I'm a volunteer on the board of The Metabrainz Foundation, the nonprofit that maintains the Metabrainz service that produces accurate metadata on music that helps listeners locate the music they love and musicians and services accurately allocate revenues from online services. Metabrainz's material is strictly Creative Commons, including the art its users include in their updates to the database.
Last summer, Metabrainz was served with a lawsuit by Larry Philpot, a "photographer" (as one court put it, "a professional photographer, in his view") who has a history of making his photos available under Creative Commons licenses, then suing Creative Commons users who reproduce them, arguing that they violated the license terms, based on extremely idiosyncratic interpretations of those terms.
Metabrainz knew that it was in the right, but a copyright fight could be very expensive. Luckily, Ed Cavazos of Pillsbury Winthrop Shaw Pittman LLP took our case pro bono and won the day!
Metabrainz has engaged with both Wikimedia Commons and Creative Commons about the problem of legal predators using their services to bait their prey, and we're hoping they take action to reduce this threat to the projects' integrity. We're also suspending the use of Wikimedia Commons images in the project until we're sure that this risk has been addressed.

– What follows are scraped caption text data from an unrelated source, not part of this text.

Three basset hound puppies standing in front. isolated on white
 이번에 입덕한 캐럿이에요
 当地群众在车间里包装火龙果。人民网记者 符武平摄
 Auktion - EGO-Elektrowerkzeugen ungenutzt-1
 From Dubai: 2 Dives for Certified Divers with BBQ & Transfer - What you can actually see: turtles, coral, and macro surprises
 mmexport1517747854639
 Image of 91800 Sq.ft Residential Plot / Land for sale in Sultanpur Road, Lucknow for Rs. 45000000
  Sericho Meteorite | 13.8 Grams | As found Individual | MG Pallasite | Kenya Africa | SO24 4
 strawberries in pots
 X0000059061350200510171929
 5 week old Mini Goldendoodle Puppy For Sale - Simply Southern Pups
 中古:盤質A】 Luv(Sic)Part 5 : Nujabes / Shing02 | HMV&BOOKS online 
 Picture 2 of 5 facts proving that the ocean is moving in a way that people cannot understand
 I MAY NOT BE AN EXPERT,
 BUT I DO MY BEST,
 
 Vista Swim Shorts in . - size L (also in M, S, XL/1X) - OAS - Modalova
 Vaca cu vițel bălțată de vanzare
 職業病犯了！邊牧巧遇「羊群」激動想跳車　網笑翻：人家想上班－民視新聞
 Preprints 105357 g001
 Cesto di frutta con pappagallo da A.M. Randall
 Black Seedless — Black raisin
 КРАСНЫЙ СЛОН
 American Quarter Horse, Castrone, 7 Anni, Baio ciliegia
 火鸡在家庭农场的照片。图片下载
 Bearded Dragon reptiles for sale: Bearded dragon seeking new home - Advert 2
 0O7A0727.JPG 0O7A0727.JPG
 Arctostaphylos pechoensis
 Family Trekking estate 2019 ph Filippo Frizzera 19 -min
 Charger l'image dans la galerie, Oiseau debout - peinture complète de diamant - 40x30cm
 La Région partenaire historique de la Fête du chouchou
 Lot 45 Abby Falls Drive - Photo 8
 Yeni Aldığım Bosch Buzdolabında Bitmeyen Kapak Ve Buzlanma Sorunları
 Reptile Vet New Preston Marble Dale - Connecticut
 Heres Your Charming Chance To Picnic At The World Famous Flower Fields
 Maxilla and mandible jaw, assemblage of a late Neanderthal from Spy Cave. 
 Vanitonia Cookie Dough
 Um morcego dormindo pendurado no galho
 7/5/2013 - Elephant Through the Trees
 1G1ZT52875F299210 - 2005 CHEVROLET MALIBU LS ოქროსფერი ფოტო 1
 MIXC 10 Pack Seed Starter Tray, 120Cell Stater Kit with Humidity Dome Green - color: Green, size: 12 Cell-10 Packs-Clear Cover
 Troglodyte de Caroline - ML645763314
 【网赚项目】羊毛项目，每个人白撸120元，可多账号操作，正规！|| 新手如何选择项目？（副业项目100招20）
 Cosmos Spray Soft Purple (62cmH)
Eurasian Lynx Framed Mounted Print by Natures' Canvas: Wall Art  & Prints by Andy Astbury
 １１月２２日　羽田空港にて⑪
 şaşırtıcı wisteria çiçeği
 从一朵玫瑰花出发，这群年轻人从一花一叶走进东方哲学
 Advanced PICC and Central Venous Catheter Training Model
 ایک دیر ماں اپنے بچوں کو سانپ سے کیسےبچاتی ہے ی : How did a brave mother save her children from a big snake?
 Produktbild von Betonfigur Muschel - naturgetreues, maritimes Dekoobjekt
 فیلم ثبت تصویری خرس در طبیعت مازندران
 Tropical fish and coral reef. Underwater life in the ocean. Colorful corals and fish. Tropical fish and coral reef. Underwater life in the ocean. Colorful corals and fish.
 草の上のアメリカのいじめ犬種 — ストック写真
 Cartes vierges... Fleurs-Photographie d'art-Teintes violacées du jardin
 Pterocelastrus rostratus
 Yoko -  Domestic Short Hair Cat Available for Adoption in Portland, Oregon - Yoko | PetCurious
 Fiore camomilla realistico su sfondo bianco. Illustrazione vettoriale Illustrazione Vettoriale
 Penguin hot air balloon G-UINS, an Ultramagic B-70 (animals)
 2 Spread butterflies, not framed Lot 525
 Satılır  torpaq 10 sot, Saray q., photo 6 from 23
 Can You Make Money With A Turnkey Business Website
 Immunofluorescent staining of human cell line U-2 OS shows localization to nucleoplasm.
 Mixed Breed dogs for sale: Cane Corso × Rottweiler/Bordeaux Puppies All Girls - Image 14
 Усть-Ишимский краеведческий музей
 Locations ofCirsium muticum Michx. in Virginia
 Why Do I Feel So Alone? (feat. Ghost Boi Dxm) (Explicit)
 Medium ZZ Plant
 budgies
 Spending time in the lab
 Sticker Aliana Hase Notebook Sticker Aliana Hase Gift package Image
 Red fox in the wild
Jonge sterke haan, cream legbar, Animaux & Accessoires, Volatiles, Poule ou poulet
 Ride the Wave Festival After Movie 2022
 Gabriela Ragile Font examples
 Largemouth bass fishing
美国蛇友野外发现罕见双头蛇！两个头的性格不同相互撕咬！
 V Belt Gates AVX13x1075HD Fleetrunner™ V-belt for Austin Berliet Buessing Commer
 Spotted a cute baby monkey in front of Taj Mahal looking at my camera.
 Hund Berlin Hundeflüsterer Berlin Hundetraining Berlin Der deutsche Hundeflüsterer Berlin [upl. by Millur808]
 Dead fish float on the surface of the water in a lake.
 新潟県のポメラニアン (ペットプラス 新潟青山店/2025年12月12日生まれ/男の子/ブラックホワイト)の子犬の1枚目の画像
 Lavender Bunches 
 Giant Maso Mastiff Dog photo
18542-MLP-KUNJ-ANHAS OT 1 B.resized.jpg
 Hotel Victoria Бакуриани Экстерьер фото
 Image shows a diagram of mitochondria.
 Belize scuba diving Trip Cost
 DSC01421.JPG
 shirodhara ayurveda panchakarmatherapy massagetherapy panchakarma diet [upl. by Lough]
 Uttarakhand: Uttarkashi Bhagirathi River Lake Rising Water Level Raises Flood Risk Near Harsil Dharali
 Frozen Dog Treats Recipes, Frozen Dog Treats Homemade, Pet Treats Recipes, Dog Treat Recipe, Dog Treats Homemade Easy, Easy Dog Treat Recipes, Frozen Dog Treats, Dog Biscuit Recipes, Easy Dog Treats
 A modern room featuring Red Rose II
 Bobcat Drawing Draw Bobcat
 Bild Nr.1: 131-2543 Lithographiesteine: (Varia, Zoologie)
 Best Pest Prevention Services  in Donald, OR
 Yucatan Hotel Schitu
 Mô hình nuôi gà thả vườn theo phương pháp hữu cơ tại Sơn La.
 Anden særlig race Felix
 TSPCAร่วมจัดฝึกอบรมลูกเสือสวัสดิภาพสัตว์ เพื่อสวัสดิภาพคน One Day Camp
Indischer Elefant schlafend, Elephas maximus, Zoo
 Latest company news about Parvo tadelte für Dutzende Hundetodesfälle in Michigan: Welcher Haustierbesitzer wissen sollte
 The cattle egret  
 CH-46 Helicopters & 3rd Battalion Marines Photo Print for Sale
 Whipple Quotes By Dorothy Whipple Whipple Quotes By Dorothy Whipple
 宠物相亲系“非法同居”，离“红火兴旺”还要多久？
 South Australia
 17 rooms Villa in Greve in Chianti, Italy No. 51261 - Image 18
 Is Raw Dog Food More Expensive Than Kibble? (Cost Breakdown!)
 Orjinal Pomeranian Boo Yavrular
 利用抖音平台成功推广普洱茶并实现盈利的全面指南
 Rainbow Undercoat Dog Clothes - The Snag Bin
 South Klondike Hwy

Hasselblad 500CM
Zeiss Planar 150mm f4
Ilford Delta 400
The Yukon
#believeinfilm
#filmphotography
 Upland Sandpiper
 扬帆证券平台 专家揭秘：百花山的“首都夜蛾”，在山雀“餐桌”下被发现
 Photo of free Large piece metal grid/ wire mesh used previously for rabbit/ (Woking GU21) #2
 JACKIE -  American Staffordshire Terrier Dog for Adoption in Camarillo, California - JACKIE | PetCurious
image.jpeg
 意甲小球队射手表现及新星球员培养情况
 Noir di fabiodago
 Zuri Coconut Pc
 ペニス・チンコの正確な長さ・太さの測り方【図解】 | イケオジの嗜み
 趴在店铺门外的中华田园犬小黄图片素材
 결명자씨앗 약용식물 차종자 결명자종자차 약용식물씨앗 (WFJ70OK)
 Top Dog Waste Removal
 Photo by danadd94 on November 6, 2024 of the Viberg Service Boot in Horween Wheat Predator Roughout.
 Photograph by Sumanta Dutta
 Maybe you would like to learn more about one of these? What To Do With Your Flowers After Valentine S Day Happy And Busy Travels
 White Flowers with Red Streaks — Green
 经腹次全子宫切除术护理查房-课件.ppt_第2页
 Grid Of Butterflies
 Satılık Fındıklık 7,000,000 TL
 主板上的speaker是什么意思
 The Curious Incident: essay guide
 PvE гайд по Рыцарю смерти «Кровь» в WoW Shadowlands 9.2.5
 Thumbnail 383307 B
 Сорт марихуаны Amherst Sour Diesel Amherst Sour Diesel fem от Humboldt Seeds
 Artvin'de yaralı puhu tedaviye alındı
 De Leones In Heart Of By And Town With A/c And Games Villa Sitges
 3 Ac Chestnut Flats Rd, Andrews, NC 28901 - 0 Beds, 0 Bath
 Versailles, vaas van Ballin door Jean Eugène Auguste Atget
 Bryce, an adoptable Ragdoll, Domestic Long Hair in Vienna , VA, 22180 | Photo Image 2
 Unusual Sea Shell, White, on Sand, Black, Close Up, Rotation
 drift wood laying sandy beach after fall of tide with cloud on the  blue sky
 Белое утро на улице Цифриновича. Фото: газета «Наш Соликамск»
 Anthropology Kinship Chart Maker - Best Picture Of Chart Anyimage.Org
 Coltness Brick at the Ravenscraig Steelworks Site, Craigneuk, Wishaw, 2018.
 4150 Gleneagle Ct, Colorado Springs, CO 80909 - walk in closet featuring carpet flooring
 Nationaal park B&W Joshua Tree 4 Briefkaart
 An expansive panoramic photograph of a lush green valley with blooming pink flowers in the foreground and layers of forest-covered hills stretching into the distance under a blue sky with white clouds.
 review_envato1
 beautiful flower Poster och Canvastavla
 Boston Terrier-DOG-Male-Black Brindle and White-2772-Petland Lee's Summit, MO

In the meantime, we're delighted by the victory and we hope that this will inspire others to stand up to copyright trolling — and that it will serve as a warning to future predators thinking of targeting us. We won't be pushed around: "Millions for defense, but not one cent for tribute."
Our legal team operated on the basis that "the best defense is a good offense". The team's filing showed that the accusations were unfounded and went on to question the motives and methods of the plaintiff, who has a history of taking legal action against Creative Commons users. In these legal actions he claims that the users have violated Creative Commons licenses, according to narrow, non-customary interpretations of the obligations and limitations set out in CC licenses. It didn't take long for the plaintiff to feel our pressure and decide to cut their losses. On February 28, 2019 the lawsuit was dismissed with prejudice!